Planned Parenthood president Cecile Richards said the bill is a “sham and an insult to women.”

Karen Middleton of NARAL Pro-Choice Colorado even got personal, saying, “Cory Gardner can’t be trusted when it comes to Colorado women and their health care.”

Why the about-face? Well, the story the libs are going with is that the bill will actually make the pill more expensive once it’s no longer prescription (and therefore not covered by insurance). Which would be a fair point if it were true.

As she notes, the Dems hate this because it knocks the legs out from under their “War on Women” scam.

Advice For Young Men

from my neighbor, Kurt Schlichter:

Remember my exceedingly hot wife? You should, because your romantic relationship should be the cornerstone of your life and you want to get it right. Now, in a world of creepy feminists and whiny femboys, you need to understand that biology still trumps stupid social fads. Women want men. Not girly men. Not boys. Not manchildren. Men.

This is true of liberal women too, whether they admit it or not, but you don’t want one of them – well, at least for more than a few hours. Which reminds me – have an alias and use it.

The point is to avoid liberal women. If you see a chick hauling around a mattress, keep moving no matter how open to experimentation you hear she is. Do not become the lead in some daddy issue-plagued hysteric’s personal psychodrama.

You want a conservative woman. Ignore the liberal deniers – science proves that right wing women are hotter and sexier. Hey, conservatives don’t tend to have large families because they’re prudes.
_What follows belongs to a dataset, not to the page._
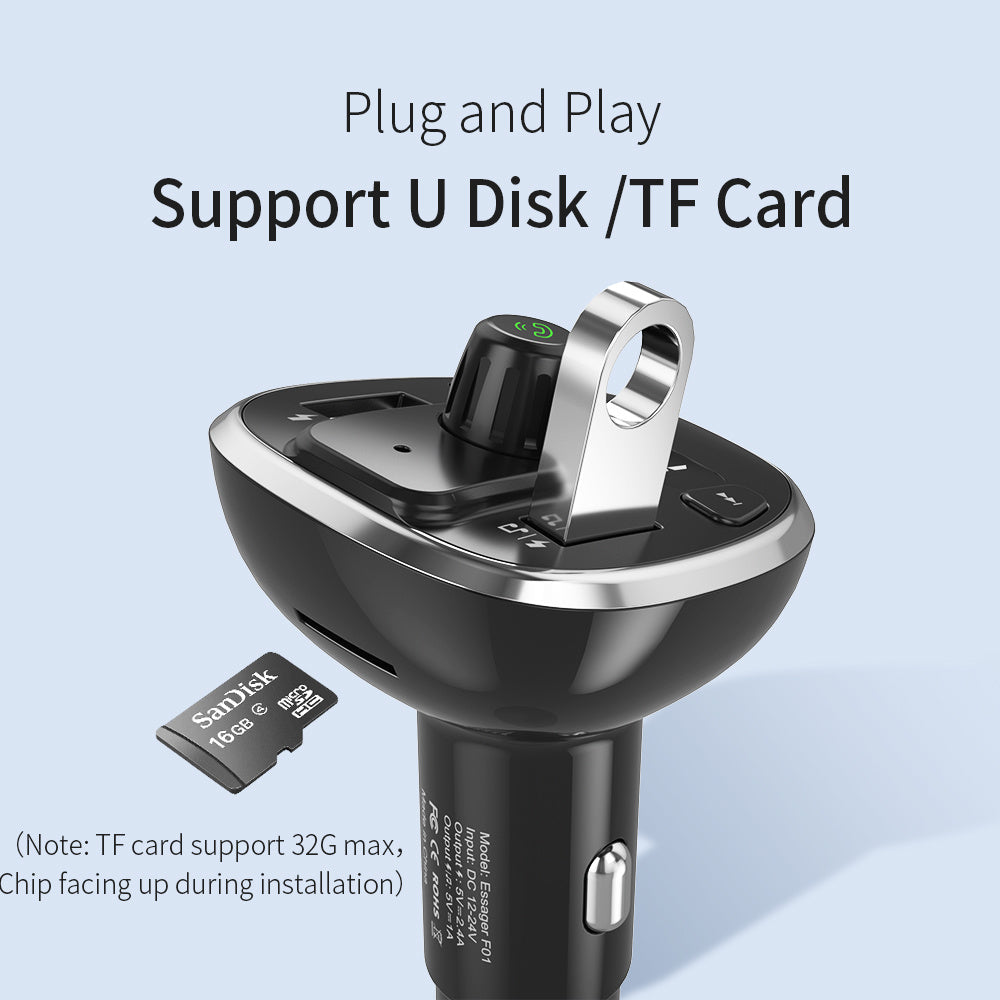 JMT-388042 Bluetooth Dual USB Car Charger with FM Transmitter and LED Indicator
With liberal girls, a romantic interlude means a lot of sobbing about patriarchy, plus the vibe gets spoiled when you have to constantly stop to notarize affirmative consent forms.

There’s a lot of pressure on you young men to be passive and, frankly, wussy. Reject it. Call the girl. Don’t freaking text – texting is for the weak. Call her, like a man, and tell her what you want: “Hey, I want to take you out to [Quality Place] Friday. I want to pick you up at 7. You in?”
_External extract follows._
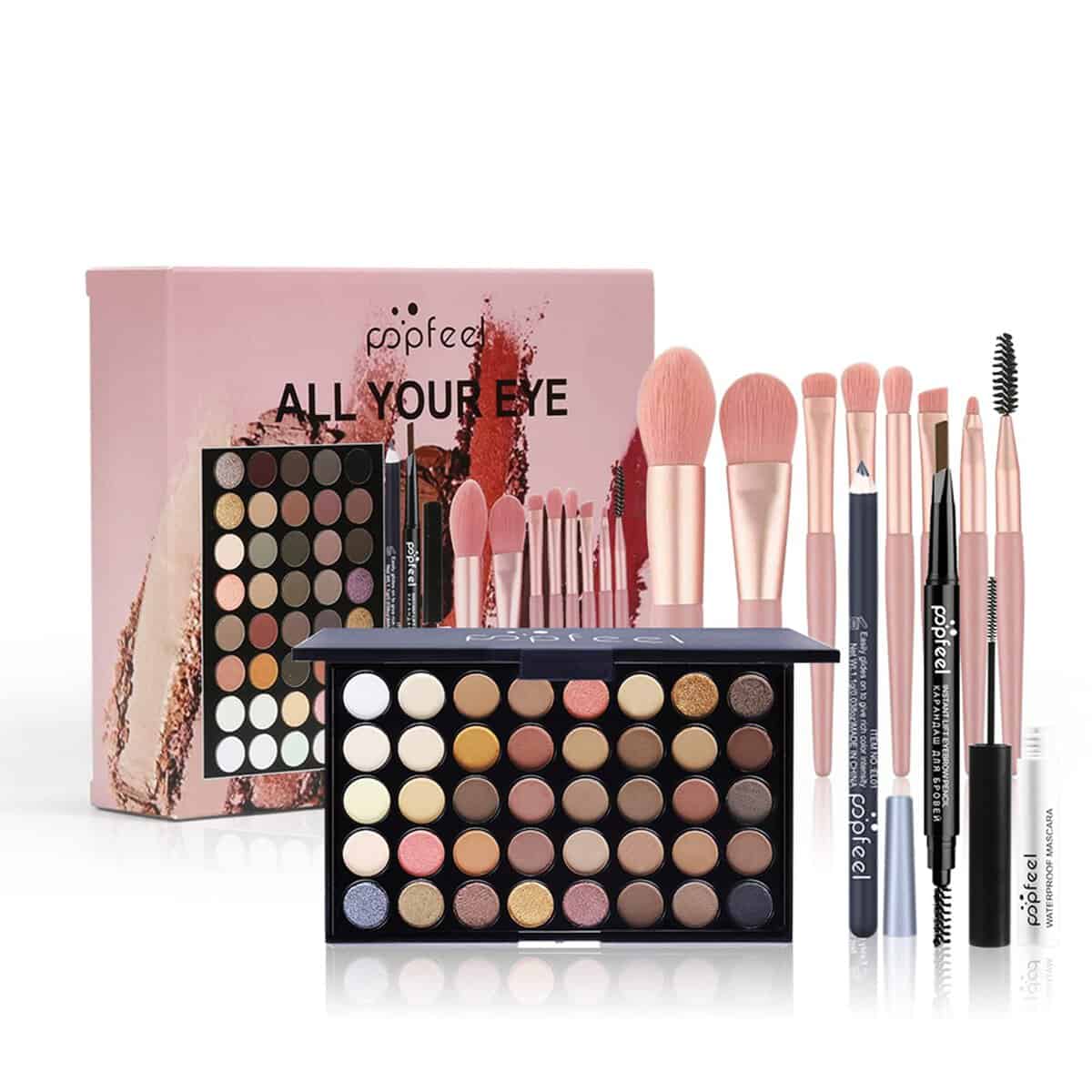 Joyeee Trousse di Trucchi, Set Trucchi Donna Completo, Regalo per Donne Make Up Kit, Include Set di Pennelli per Occhi, Palette di Ombretti, Matita per Sopracciglia, Mascara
It’s about life in general, though, not just love life.

“Blue-State Justice”

…is rarer than red:

On Thursday, Virginia Governor and Democratic candidate for president Terry McAuliffe issued a Task Force report on campus sexual assault organized by the state’s Democratic attorney general, Mark Herring. This 107-page report was perhaps most notable for what it did not include. It did not once mention the phrase “false accusations.” It appears being framed does not concern Virginia policymakers. Perhaps for that reason, this report, which discussed how Virginia colleges need to respond to sexual assault allegations didn’t mention the highest-profile rape allegation on a Virginia campus in recent years. Rolling Stone, Sabrina Rubin Erdely, or the false accuser “Jackie” were, it seems, not relevant to a discussion about campus rape claims in Virginia.

If you wanted to destroy academia, it would be harder to come up with better plans than these people have.

[Update a while later]

“We literally can’t afford to let the Title IX inquisition continue.”